This will be a self-indulging blog post, insomuch as one post can be more so than another, given the rather egocentric nature of blogging to begin with. This disclaimer out of the way, it is no secret that I love flying, and I adore planes. I will take pictures of planes before I even take pictures of birds. But recently on Staten Island, they competed wing to wing.
The contrail shot below is my favorite. Marie was scouting for foragees in the distance and as I glanced at her, she pointed theatrically to the south. It took me a while to figure out what she was showing me, and then a white arrow shot from behind a tree. I could instantly tell it was a quad-jet, so one of only three passenger aircraft currently cruising through our skies with four engines: the many versions of the Boeing 747, the Airbus A340 and the mighty Airbus A380.
As the plane grew closer, I trained my telephoto on it and easily identified an Emirates A380-800. It was flight UAE232, flying from Washington Dulles to Dubai; it had just reached its initial cruising altitude of 35,000 feet, surfing the tropopause at 625 miles per hour. Fully loaded with fuel, cargo and passengers, that was the highest flight level the plane could reach this early in the flight. As it burned more fuel and crossed the ocean, it would eventually perform step climbs to 37,000, 39,000 and finally 41,000 feet as thinner air is more efficient.
I love how close the giant looked, and how crisp the contrails were, this far from the ground, through a simple lens. It is quite possible that up there, at the very moment I was looking up, someone was actually taking a shower in the sky. Such is the comfort one gets for $20,000.
Amazingly, and quite surprisingly, Emirates now only operates two kinds of aircraft: an Airbus (the A380-800) and a Boeing (the B777 in multiple versions). They own a whooping ninety-four A380’s, which is very close to half the number of currently delivered aircraft throughout the world! Distant second are Singapore Airlines and Qantas with about two dozen each.
Listen to me… It saddens me deeply that from being a pilot, I have become a plane spotter.
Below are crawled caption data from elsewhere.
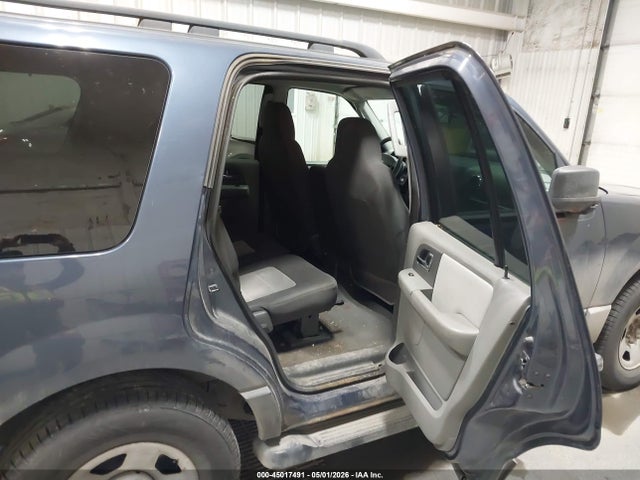 Продажа на аукционе авто 2005 Ford Expedition Xls, vin: 1FMPU14515LA07314, номер лота: 45017491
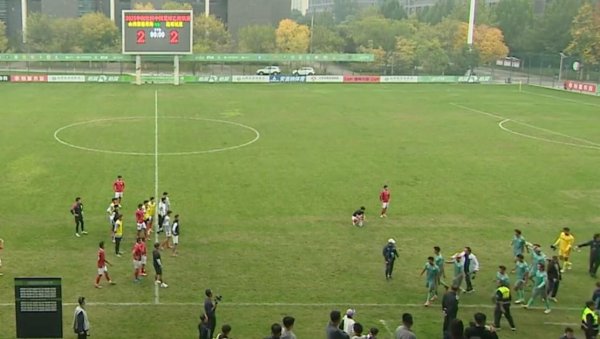 官方：山西崇德荣海主场不雅众向敌手投掷饱读槌，被通报月旦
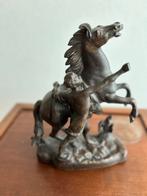 Ornament beeld van man en paard, Ophalen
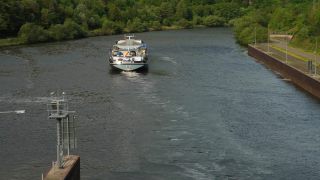 Link to Video | cargo ship, Rhineland-Palatinate, waterway, cargo shipping, Saar, logistics, Germany, Staustufe Serrig, river, transport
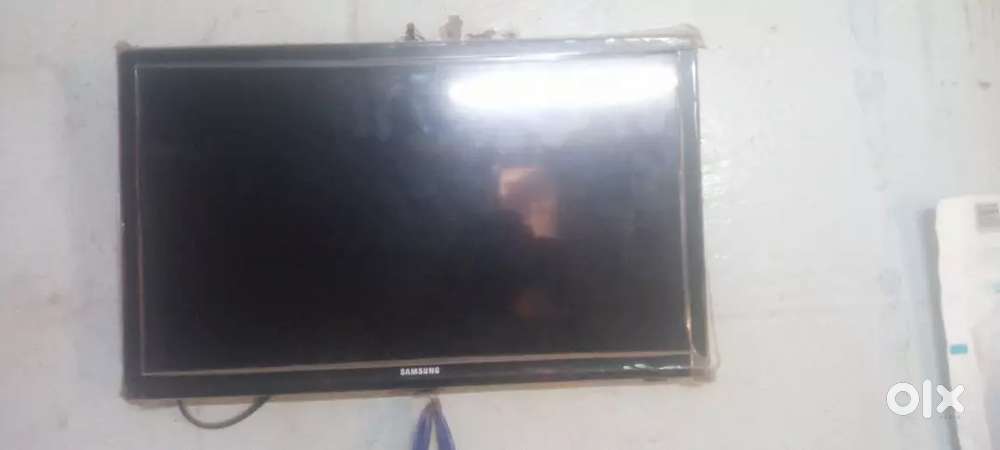 Samsung LCD tv 24 inch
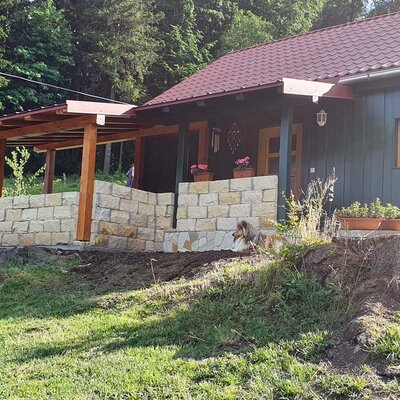 Berghütte im Sommer Berghütte im Sommer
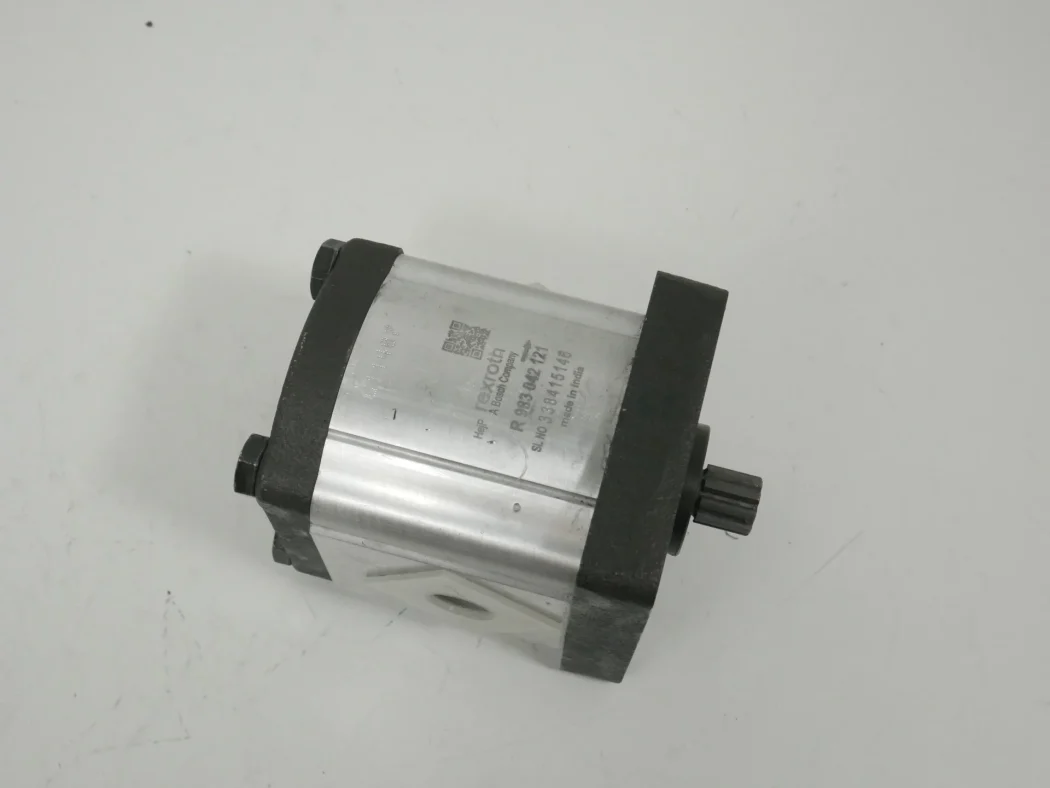 72607213 Hydraulic Pump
That I know modern aircraft not from the intimate feeling of running my hand along a leading edge or on the rubber of a tire as high as I am, or from the comforting heaviness that comes with TO/GA thrust, or the chirp of autopilot disengage energizing my senses, but from clicking the—albeit surprisingly accurate—flat simulation of such aircraft on an LCD screen.
But still, I love flying, and I walk with my eyes turned skyward. Most of the remaining pictures here were taken near JFK, as shown by the airport views. I was lucky enough to catch another A380, that one inbound from Paris in the minimalist Air France livery. Traffic was landing from the southeast on parallel runways 31L and 31R, and departing on 31L, closest to me.
There is a beautiful Aeroflot Boeing 777 in there, an ironic Russian fleet choice if I ever saw one. There is a China Airlines Boeing 747-8I, a new longer version that was meant to revive the legendary 747 Jumbo Jet with newer, fuel-efficient engines and a new wing design. However the future of very large planes seems uncertain these days, as shown by Airbus’ struggle to sell enough A380’s to make them count.
It appears smaller twin engines such as the Boeing 787 and Airbus A350, or even the upcoming Boeing 777-9X might be the new favorites, as they offer amazing range combined with fuel efficiency, quiet engines, modern designs and most of all, shorter take-off and landing distances that allow airlines to skip their hubs and target secondary destinations easily, in other words flying non-stop directly where passengers want to go.
Planes have only been around for a mere century. They changed the world radically. Yet they also hurt it badly, and probably play a substantial part in the pending disaster. To avoid this disaster, in addition to smartly ecological we must be supremely technologically and scientifically capable. Planes, shrinking the planet to a giant neighborhood, make that possible. Will the vicious circle collapse or triumph? The next few decades should tell.